Below, we are collecting possible thesis topics (for bachelor and/or master).

It is important to understand that these are just a selection of possibly interesting research questions, it is possible to do thesis topics on different topics, too, and to take the topics below just as an inspiration.

Some topics are also more an indication of a general area of topics.

Topics

Quantum Strongest Postcondition

To verify a (quantum) program behavior, Hoare triples are used. A well-studied concept in this setting is the weakest precondition transformer, which computes the most general precondition ensuring that a given postcondition holds after program execution. Similarly, one can define the strongest postcondition, which describes the most precise characterization of the states obtained after executing a quantum program from any state satisfying a given precondition. In this thesis, we aim to formally define the strongest postcondition for quantum programs, figure out how it can be computed for a concrete (theoretical) quantum programming language and show its relationship with weakest preconditions. It is also interesting to study diverging loops and if it is possible to define a quantitative version (similar to Quantitative Strongest Post).

Supervisor: Christina Gehnen

Ideal background: Quantum computing, (program) logics

Level: Bachelor

Precise complexity of the compressed oracle

In quantum cryptography, the “compressed oracles” (going back to Zhandry’s paper), it a powerful technique to reason about random-oracles, which in turn are a widely used modeling of hash functions. While the compressed oracle has a reasonably simple abstract description which is enough for many cryptographic proofs, for some proofs we need to know how efficient/inefficient it is to actually implement a compressed oracles as a quantum algorithm. The goal of this thesis would be to study efficient algorithms for implementing the compressed oracle to find out what the complexity of it actually is. This would include several (or all) of the following tasks:

Identification and use of suitable quantum datastructures
Design of the algorithm
Runtime analysis of the algorithm
Demo implementation
Formal verification that the algorithm does what it should

Supervisor: Dominique Unruh

Ideal background: Quantum computing, programming (from the theory point of view), algorithms, datastructures.

Level: Master

Something with theorem proving

Isabelle/Coq/Lean/etc.

Easycrypt/qrhl-tool/etc.

(Description follows.)

Decision procedures for quantum references

In a recent work of mine, I introduced the concept of quantum references.
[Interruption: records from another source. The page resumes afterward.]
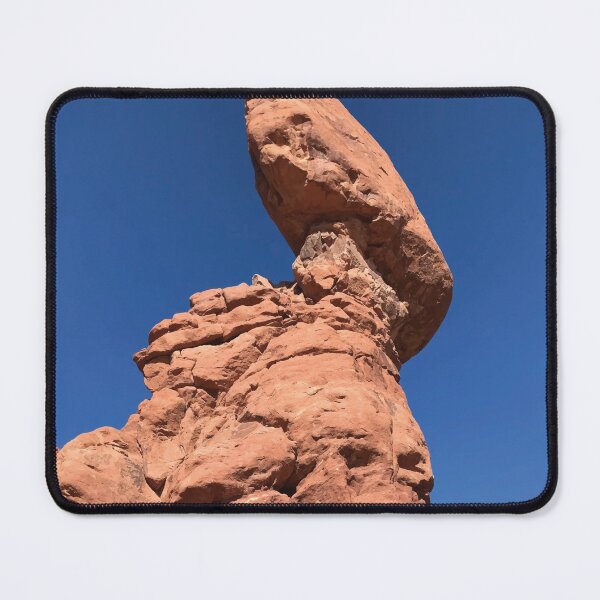 Item preview, Balanced Rock, Arches national Park, Utah designed and sold by hobrath.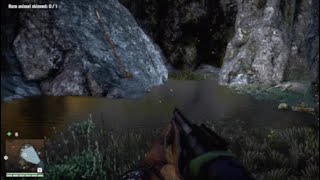 Far Cry 4 Ghost Bear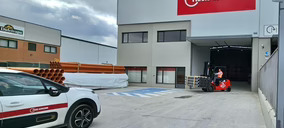 Frans Bonhomme abre un nuevo almacén en Valladolid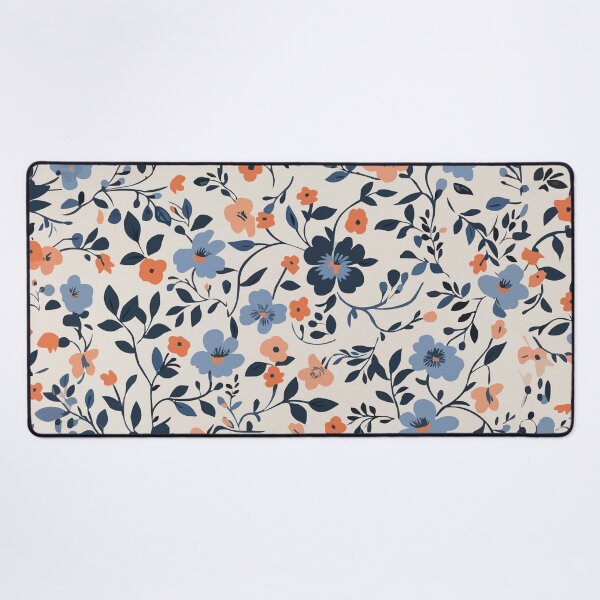 Item preview, Cottage Floral Haven designed and sold by meggydesigns.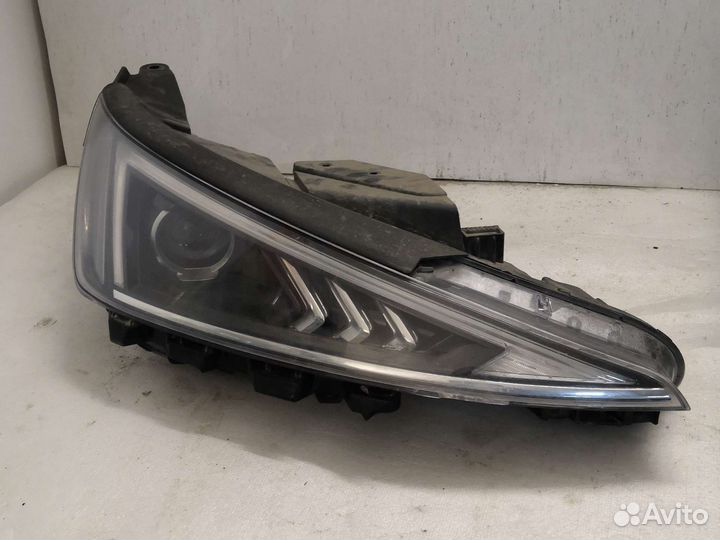 Фара Хендай элантра 6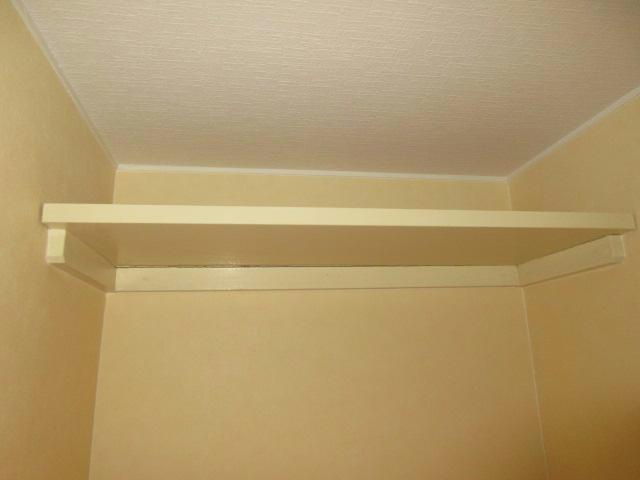 カーサ・プリオールⅤのトイレ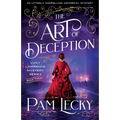 The Art of Deception: An utterly compelling historical mystery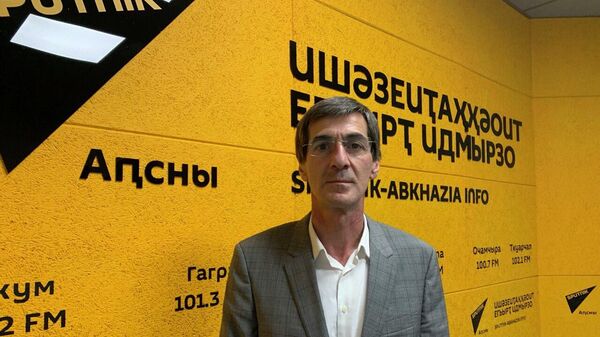 Галский район: вода, дороги, миграция, сотрудничество с регионами РФ - Sputnik Абхазия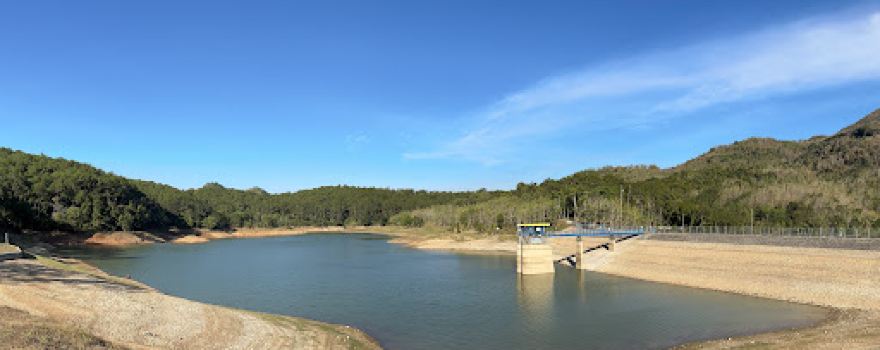 Waduk Nawangan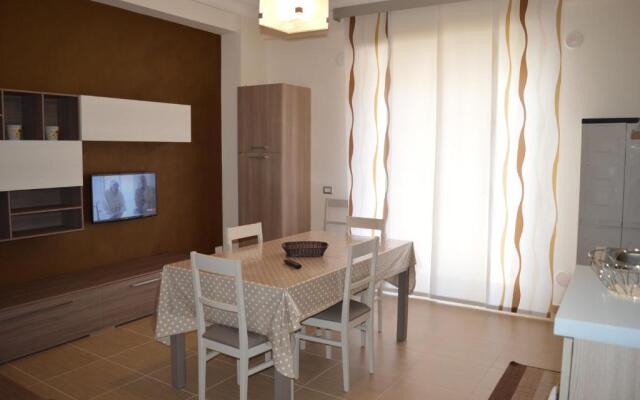 Apartment Xacca
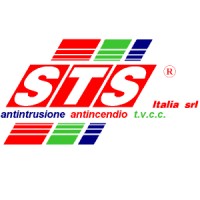 STS Italia S.r.l logo, STS Italia S.r.l contact details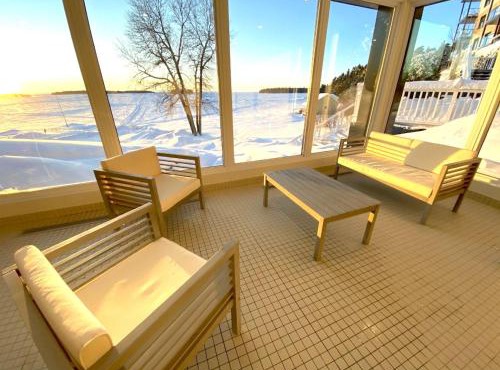 Auberge Des Îles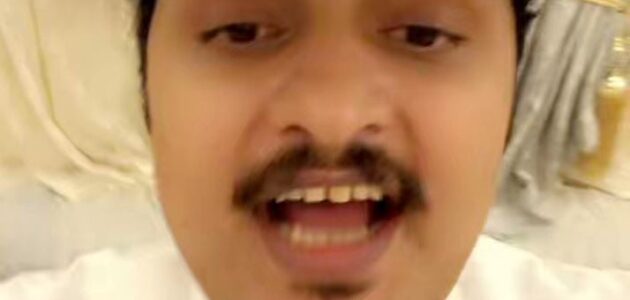 الصبحان يتوقع نتيجة مباراة الاتحاد والاتفاق في فيديو جديد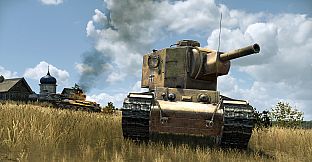 Steel Division 2 - Pre-order Pack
This is a theoretical tool for the use in quantum programming semantics and quantum program logics to meaningfully refer to a subsystem of quantum system (a formalization of what a “wire” is in a quantum circuit, so to say). In an ongoing project in the theorem prover Isabelle/HOL (qrhl-tool), I am using quantum references to reason about program variables and operations on them etc. This leads to a lot of questions that need to be checked automatically by the computer, e.g., whether a given construction built from individual references is a reference again, whether one reference is a strict superset of another reference, etc.

The topic of this thesis would be to develop decision procedures (algorithms) for answering all those questions and to implement them (preferably in Standard/ML, inside Isabelle/HOL).